Beane is wrecking a team that did not appear to need wrecking.
Washington has a really good team, built to win now but it is supposedly into Billy Beane wreck before you win mode: let's dump these players as they reach their peak and start over. Cincinnati seems to be in a similar mode of operation. Kansas City, with fewer than two million in attendance, is in major delusional mode.
And what of Cashman, another GM too full of himself? One year ago Cashman could not make bad decisions fast enough. One was signing 30 year old catcher Brian McCann to a five year contract at $17 million per year.
2014 Most Shifted Players
by Jeff Zimmerman - December 9, 2014 fangraphs.com
Batted balls into Shift
David Ortiz 369
Ryan Howard 318
Brian McCann 311
Number three.

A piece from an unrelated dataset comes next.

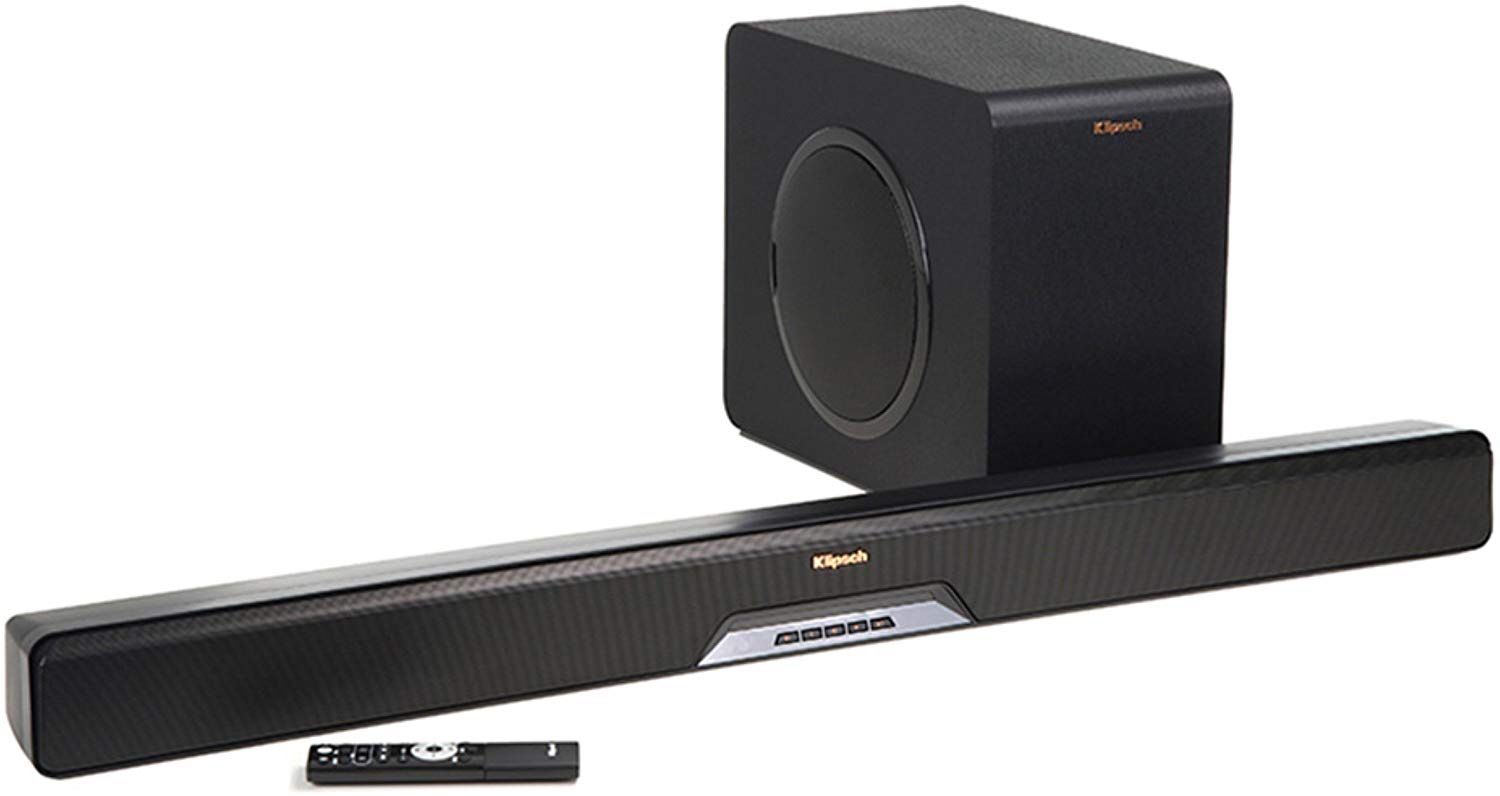 Klipsch RSB-14 Sound Bar with Wireless Subwoofer with Play Fi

Nice signing, Cashman. McCann did have the most home runs by a catcher: 23. But McCann's OPS+ was 94. McCann hit 19 of his 23 homers at home, 19 while playing catcher, not 1B, DH, PH. A year ago the Yankees wanted to finally get under the soft salary cap but signed McCann, Jacoby Ellsbury and Carlos Beltran to put them at the limit, then signed Japanese pitcher Masahiro Tanaka, which put them over. This year, with the team hopelessly over the cap, the Yankees are refraining from spending big. What? That's a plan? For what, driving fans away?
The willy nilly nature of GM activity is being shown on TV in real time during the winter wonderland meetings in San Diego on the league's own TV network. Listening to these GM and learning of their transactions makes it all seem pretty much random and pointless: fan loyalty be damned.